PETALING JAYA: Two freelance journalists covering an Orang Asli blockade in Kelantan claim they were intimidated and threatened by state forestry officials during an operation there.
Jules Rahman Ong, 46, said that he and Too Chee Hung, 36, were surrounded by more than 20 forestry officers on the morning of Jan 24 at the Matau Cawas blockade near Gua Musang.
"They tried to stop us filming, they shouted at us and tried to take away our equipment.
"They said stuff like, 'You're not supposed to be here!' One of them was shouting just an inch from my face," he alleged.
Since September 2016, hundreds of Orang Asli in Kelantan have been setting up blockades near Gua Musang to put an end to logging that has been going on in their ancestral homeland for decades.
Ong and Too were there filming a documentary for Singaporean news company Channel NewsAsia.
The two were eventually handcuffed, their equipment taken away, and the blockade around them torn down.
Both were driven back to Gua Musang in separate cars. It was on this journey that he was threatened, said Too.
"He (a forestry official) started asking me if I knew who Bruno Manser was. He asked me, do you know what happened to him?
"(He) went on to allude that he (Manser) was murdered. 'You sure you know he was murdered? I'm pretty sure he was murdered'," Too alleged.

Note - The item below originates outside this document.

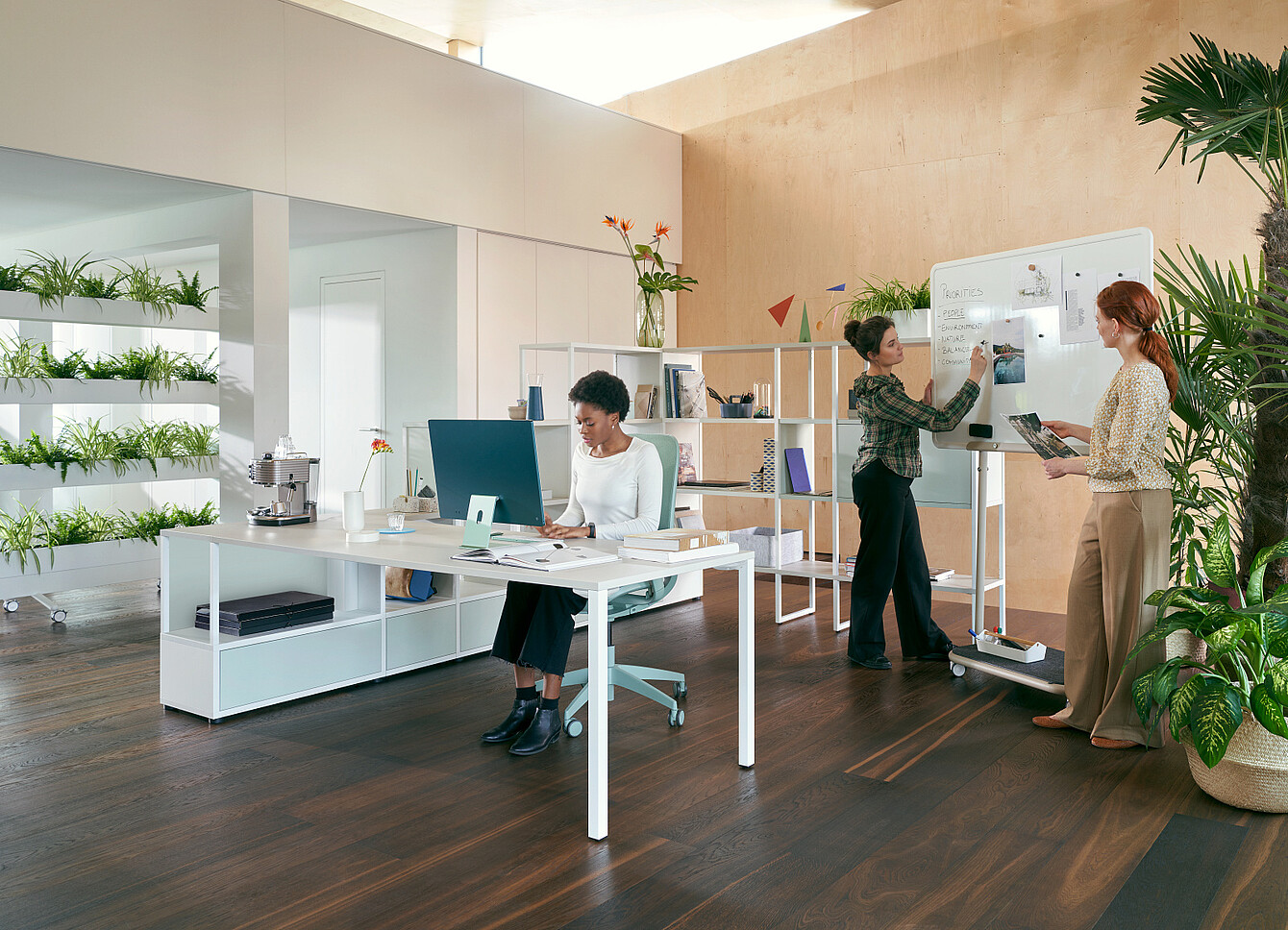 Trois femmes dans un bureau moderne agrémenté de plantes : l’une est assise à un bureau et travaille sur un ordinateur, tandis que les deux autres se tiennent debout près d’un tableau blanc et discutent de leurs notes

Bruno Manser was a Swiss environmentalist who helped the Orang Asli in Sarawak during the 1980s, including getting them to set up blockades against logging. He went missing in the year 2000, and is believed to be dead.
Too added that another told him that officials had been "tailing" them, and proudly showed him photos of the two journalists in Gua Musang and the villages around it.

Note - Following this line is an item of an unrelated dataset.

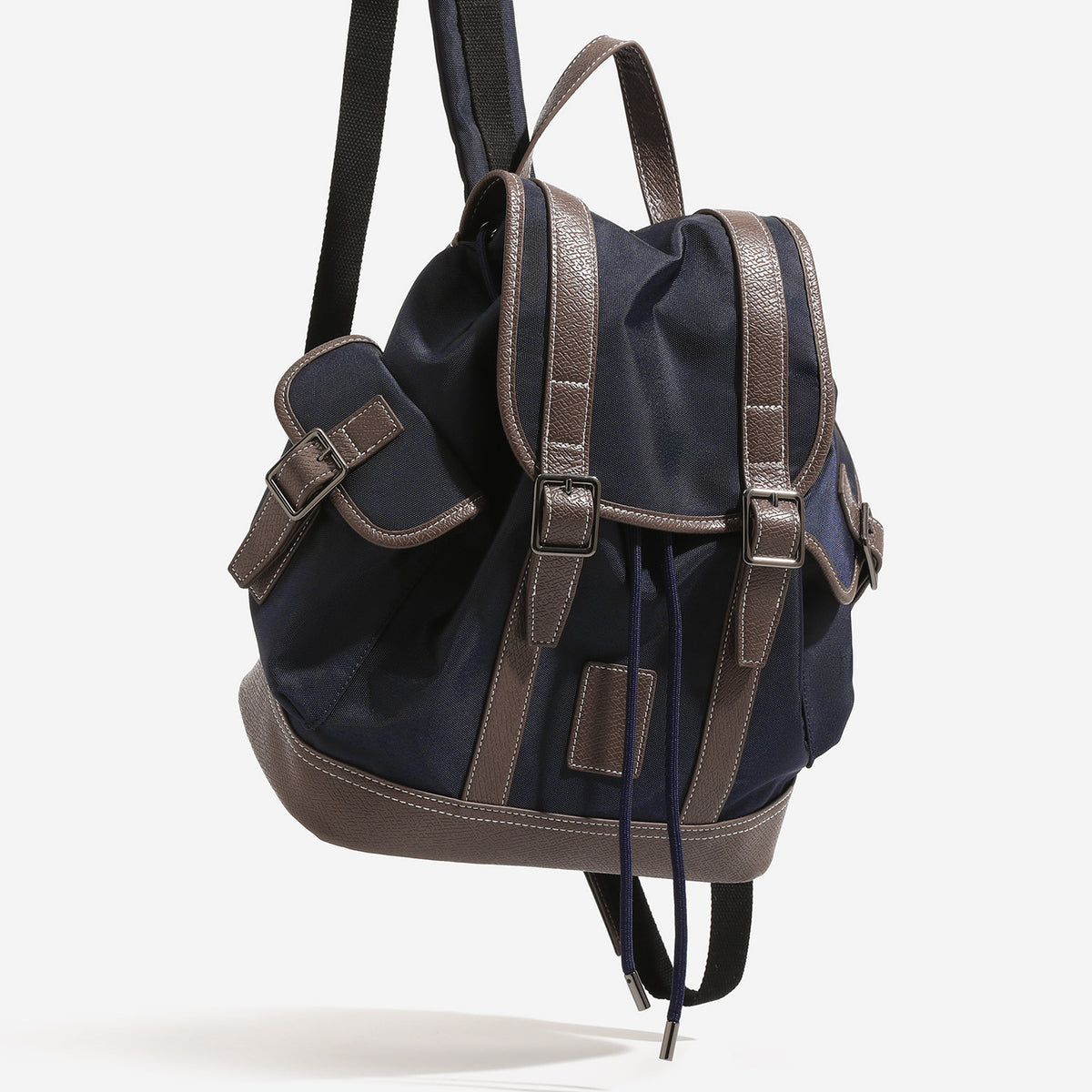Deep navy canvas backpack with brown textured leather-look trim, drawstring flap closure, buckle-strap front detail, and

Ong said they had previously informed Kelantan forestry officials of their intent to enter the forest, and had asked if they could follow officials on operations.
"There was a lot of delaying, I called, I texted, but there was no answer," he said.
Kelantan Forestry Department director Datuk Zahari Ibrahim would not comment on the treatment the journalists received..
"My direction to my officer is to follow the standard operating procedure, and the journalists can express their views in court," he said.
Zahari said permits to the Balah forest reserve were frozen, adding that applications to enter were "still open for further consideration".
He did not comment on why permits to Balah - where the Simpang Petei blockade is - were frozen.
Both Ong and Too are being investigated under the National Forestry Act 1984 for entering a forest reserve without a valid permit.
If found guilty, they can be fined up to RM10,000, jailed for up to three years, or both.